Tarihî kaynaklar, Gaziantep’te bakırcılığın 16. yüzyıldan bu yana önemli bir ticaret kolu olduğunu gösteriyor. 1536 tarihli Ayıntap Tahrir Defteri’nde “kazancı” yani bakırcı mesleğinin şehir ekonomisinde merkezi bir rol oynadığı belirtiliyor.

1557 tarihli vakıf kayıtlarında ise “Dükkân der suk-ı kazganciyan” ifadesi, o dönemde bile organize bir bakırcı çarşısının varlığına işaret ediyor.

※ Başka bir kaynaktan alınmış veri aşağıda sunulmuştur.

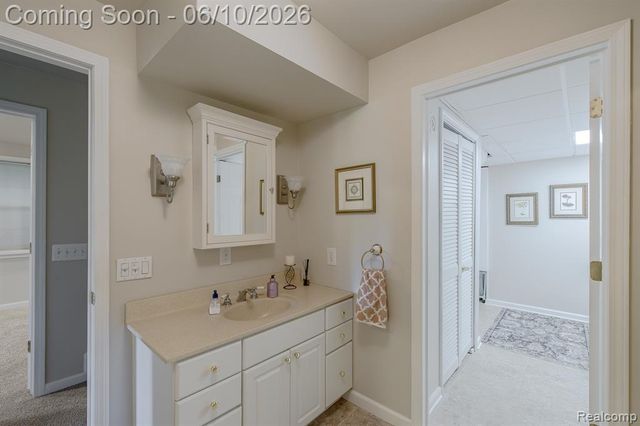 4780 Hillcrest Drive, Clarkston, MI 48346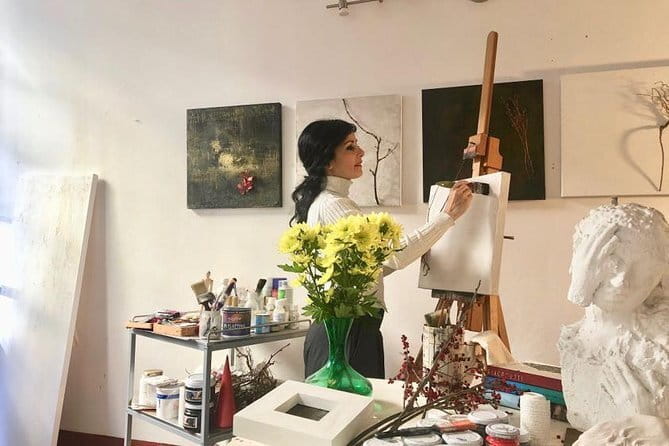 Tuscan Cooking Class in an Art Gallery in Florence - Inside Anna’s Personal Gallery Kitchen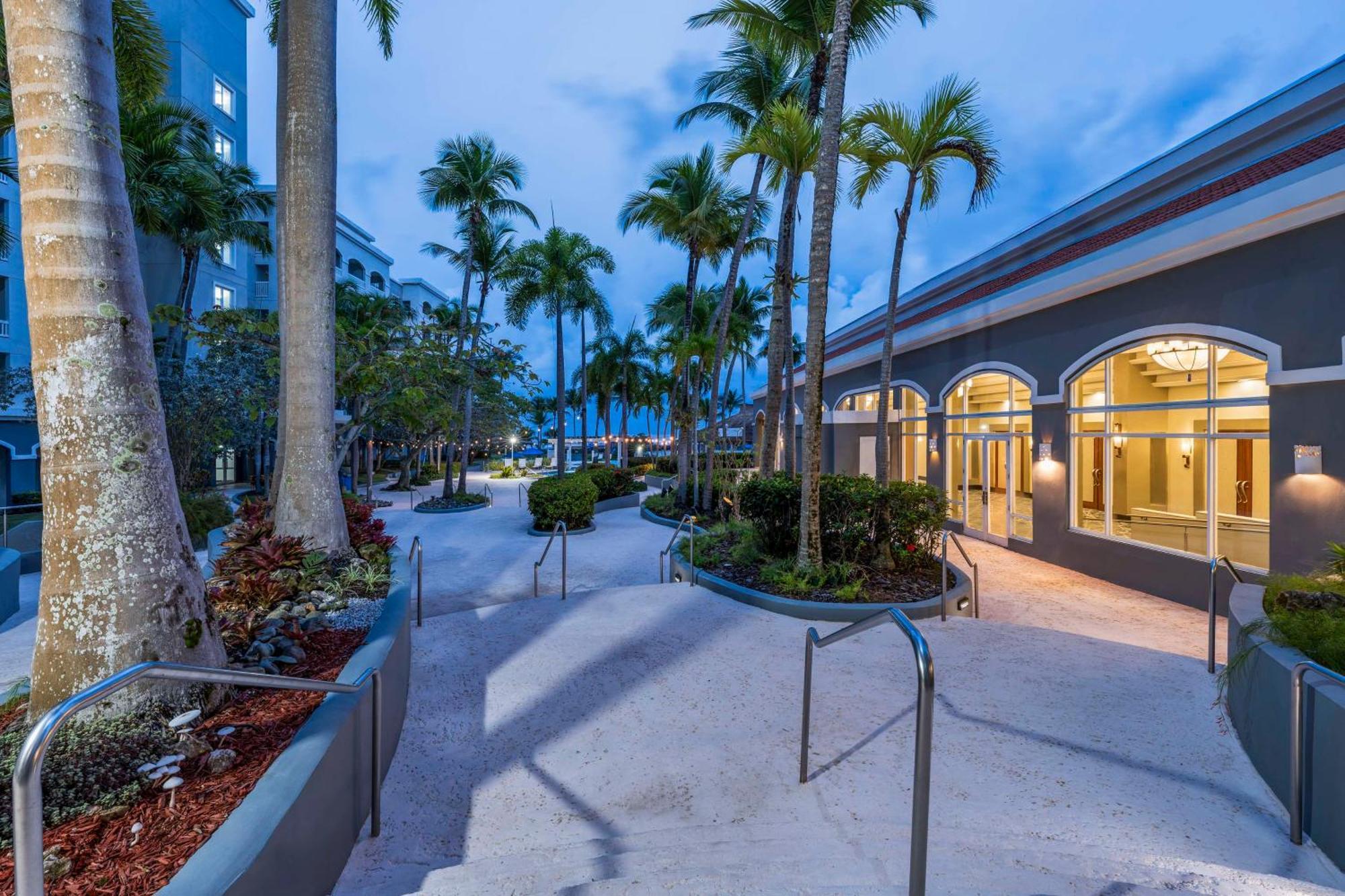 Embassy Suites By Hilton Dorado Del Mar Beach Resort Eksteriør bilde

Her ne kadar I. Dünya Savaşı ve sonrasında ekonomik sıkıntılar nedeniyle bakırcılık eski canlılığını yitirmiş olsa da Gaziantep, bu zanaatı günümüze taşımayı başaran şehirlerden biri olarak öne çıkıyor.

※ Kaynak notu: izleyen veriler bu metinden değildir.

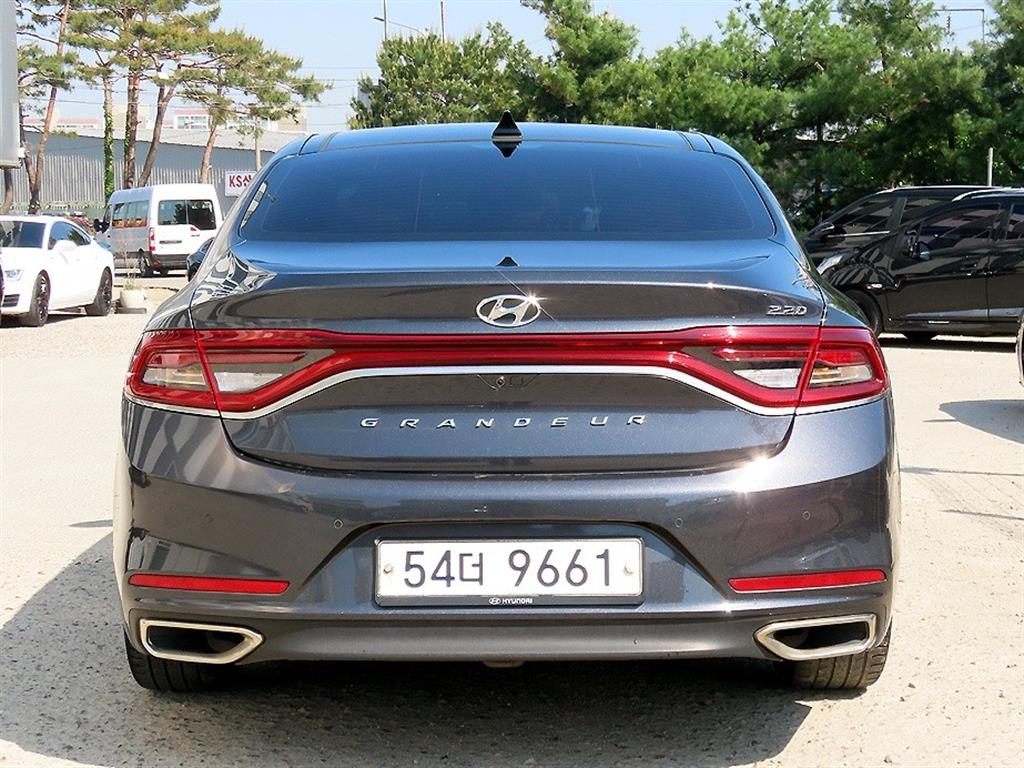 HYUNDAI Grandeur - Vista 4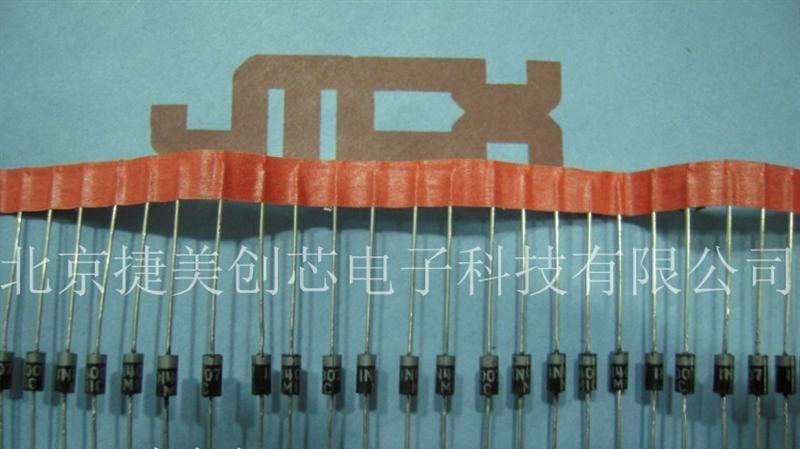 供应整流二极管1N4007  贴片代码M7 1N4007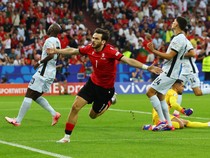 Mimpi Kvaratskhelia Jadi Nyata: Kalahkan Ronaldo Lalu Dapat Jerseynya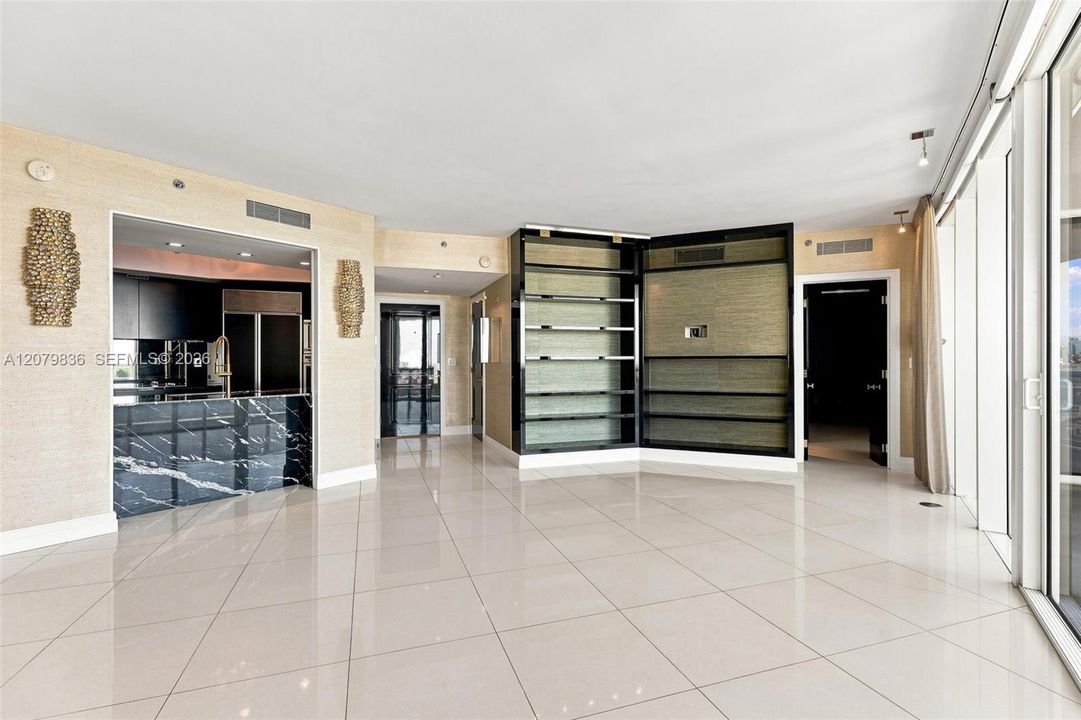 For Sale: $2,600,000 (2 beds, 2 baths, 1425 Square Feet)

Ustaların Dilinden Bakırcılık Geleneği

Bakırcılar Çarşısı’nın en eski esnaflarından biri olan 1935 doğumlu Sırrı Bülbül, mesleğe 1948’de çırak olarak başladığını hatırlıyor. Bülbül, bakırcılığı Ermeni ustalardan öğrendiklerini belirterek şunları söylüyor:

“Ermeniler Gaziantep’te yaşarken bu mesleği onlardan öğrendik. Eskiden tüm mutfak eşyaları bakırdı, herkes geçimini bakırcılıktan sağlardı. O dönemlerde bakırcı esnafı denilince Akyol Mahallesi akla gelirdi. O zamanlar tüm ürünler çekiç ve örsle yapılırdı, şimdi ise yerini makineler aldı.”

Geçmişten Geleceğe Bir Sanat Köprüsü

Gaziantep Bakırcılar Çarşısı bugün sadece bir alışveriş noktası değil; geçmiş ile geleceği buluşturan bir kültür köprüsü.

Her çekiç darbesiyle yoğrulan bakır hem ustasının emeğini hem de Gaziantep’in tarihî kimliğini yansıtan birer kültür mirası niteliğinde. Çarşıyı gezenler, bakırın sesini, ustalığın sabrını ve Antep’in derin tarihini aynı anda hissediyor. Bakırcılar Çarşısı, sadece bakırın değil, insanın emeğini ve hikâyesini de şekillendiren bir zanaat mabedi olarak yaşamaya devam ediyor.